I’m more excited about Australian electric Semi JANUS than Tesla!

The big surprise for me this week is that I’m more excited by today’s Aussie electric trucking firm Janus than the shiny Tesla semi we’re being promised in a few years. Why? It carries more, better.

Tesla Semi carries 40 tonnes about 800 km range, with a 30 minute Megacharger for another 600 km.

Janus Semi carries 100 tonnes about 500 to 600 km,  but with just a 4 minute battery swap for another 500 km! Just pull in and swap every 400 km and you’re well and truly safe – range anxiety is no longer a thing.

Note: both the Tesla and Janus mean they have ranges well over what an Australian trucker is legally allowed to drive in one shift. They’re meant to stick to 100 km an hour and have a half hour break in 8 hours. That means a top LEGAL range of roughly 1150 km.  That half hour break is when the Tesla could recharge or accounts for 2 battery swaps and breaks in the Janus system.

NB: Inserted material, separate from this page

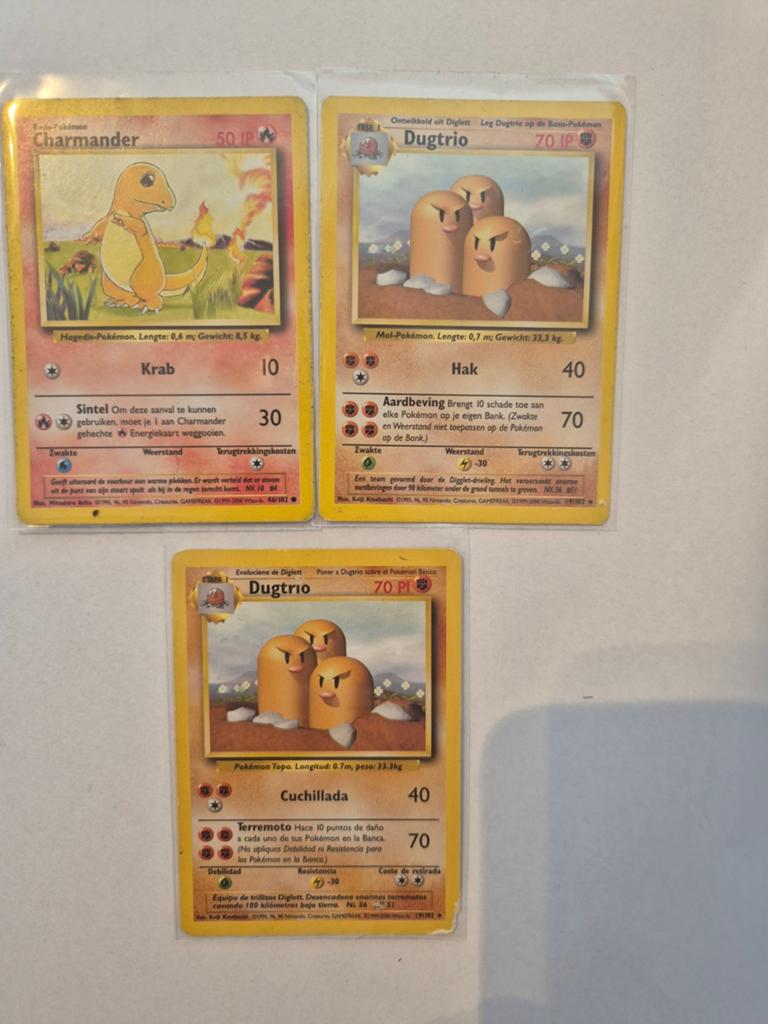 Pokémon kaarten nederlands & spaans, Ophalen of Verzenden, Meerdere kaarten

Watch the forklift swap the battery – (but big robot doovers are coming soon.)

Electricity is about a third the price of Diesel. This means the battery pack is separated from the truck. The truck can instantly enjoy new battery technology as it evolves over the next few years. They’re converting 67 trucks this year – with plans for much bigger Aussie road trains that can carry over 200 tons!

Battery swap just seems better! It means if a truck ever runs out of charge somewhere, there could be roadside assistant trucks with robot or forklift doovers that take the old battery out and swap in a new one. While the Tesla Megacharger is impressive it puts both the grid and battery under enormous stress. The battery-swap is faster, but the charging of the battery can take it’s time, avoiding any stress on the battery or electricity grid. These already carry 2.5 times the weight of the Tesla Semi. Indeed, if this battery pack becomes a world standard (like USB C is a phone standard) then who knows what improvements it might open up trucking to? And will Tesla’s Semi with expensive fast-charger and expensive batteries get left behind?

What does all this MEAN?

Will trucking companies become their own power companies? Janus might be tempted to buy a solar farm near their rural battery swap stations. Let’s imagine their rural grid isn’t that reliable and / or cheap? They decide enough is enough. Land out there is cheap – so they install a huge solar farm. They buy extra batteries, and just charge their batteries during the day. Sure they have trucks swapping out batteries at night, but they’ve bought more batteries for that and just charge them all during the day. For them, it’s like buying their own oil refinery and getting off the world oil market once and for all!

THEN consider the money! Toll and Linfox and Auspost have serious MONEY to put into saving money long-term by investing in wind or solar farms around the place.

THEN consider that battery tech is still evolving. Imagine what will emerge in the coming years as BIG OIL money switches into BIG BATTERY!

THEN consider the geopolitical implications as ENORMOUS multinationals like Toll realise they can be seen as the good guys by not buying oil off all those countries that don’t like us very much, like the Middle Eastern Theocracies and Russian autocrats.

THEN consider whether you want your super anywhere near fossil fuel investments!